Since the election in the U.S. it has been a 'risk on' environment for stock investors. Last week though, the Powershares Low Volatility ETF (SPLV) broke out of a sideways trading range to the upside. At the same time, the Powershares High Beta ETF (SPHB) remains trapped in a sideways range. Might the move higher in the low volatility ETF be a signal there is underlying action by some investors to be more defensive in anticipation of a potential pullback on the horizon? The third chart below compares the high beta ETF performance versus the low volatility ETF performance since the election and high beta has far outperformed low volatility.
To better understand what is and is not working in both of these ETFs, following is a summary of the sector attribution for both investments.
The first table above shows some of the attribution for the low volatility ETF (SHLV) compared to the S&P 500 Index. Notable for SHLV:
- The consumer staples weighting is nine percentage points higher than in the S&P 500 Index.
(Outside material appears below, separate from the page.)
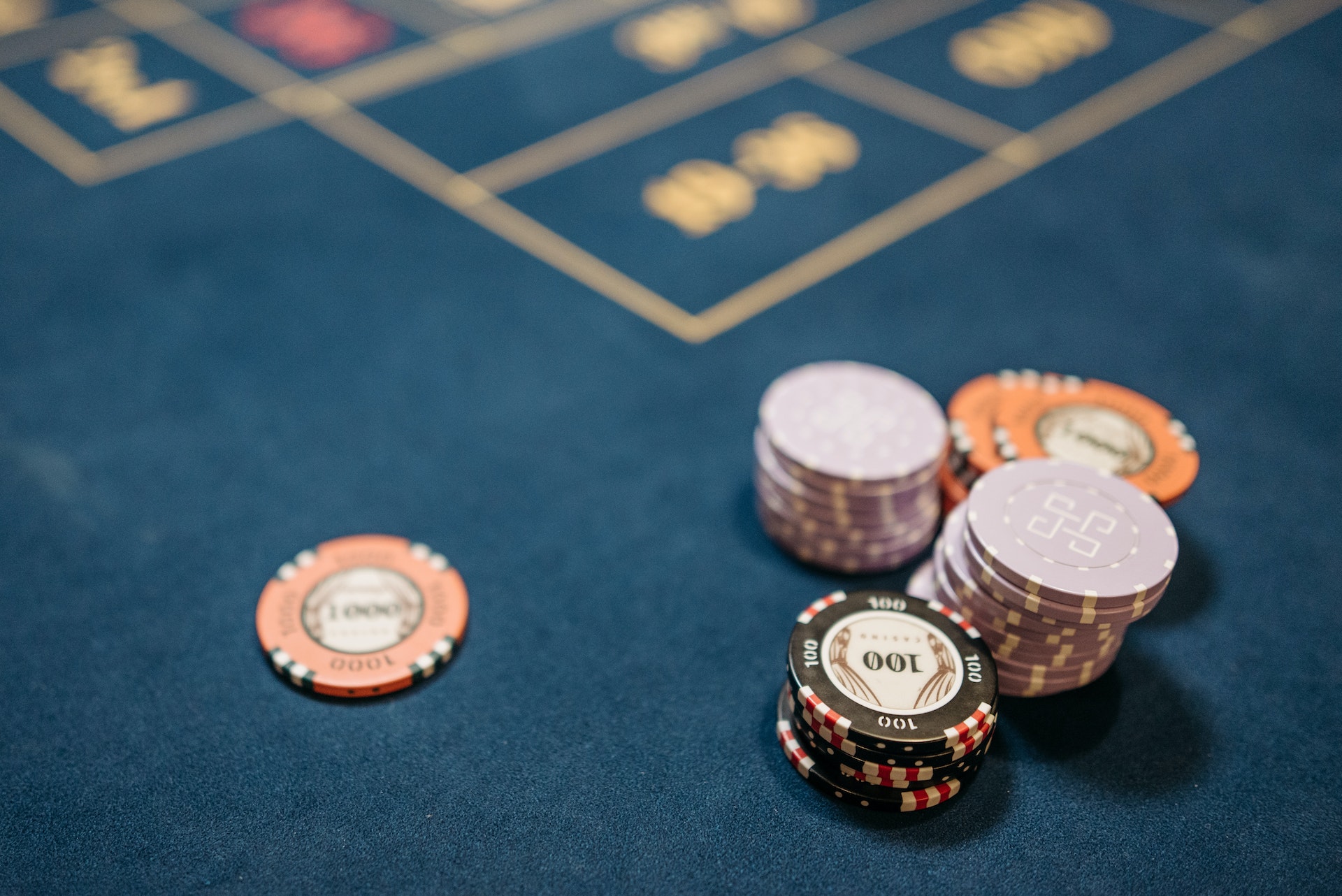 Tips For Making Money In Online Casino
This added 21 basis points to the overall outperformance.
- the utility sector is 19 percentage overweight versus the S&P 500 Index and this added 17 basis points to the outperformance
- SHLV contains no energy stocks and this added a small 3 basis points
In regards to the high beta ETF (SPHB), notable differences versu the S&P 500 Index are:
- the financial sector is 15 percentage poitns overweight compared to the S&P 500 Index and this added 30 basis points to its outperformance
- SPHB is 20 basis overweight to the S&P index and this resulted in a negative 44 basis point versu the S&P and noting SHLV contains no energy positions.
- SPHB is comprised of no consumer staples positions and this cost the index 10 basis points versus the S&P 500 Index and a full 1.68% versus the low volatility index, SHLV.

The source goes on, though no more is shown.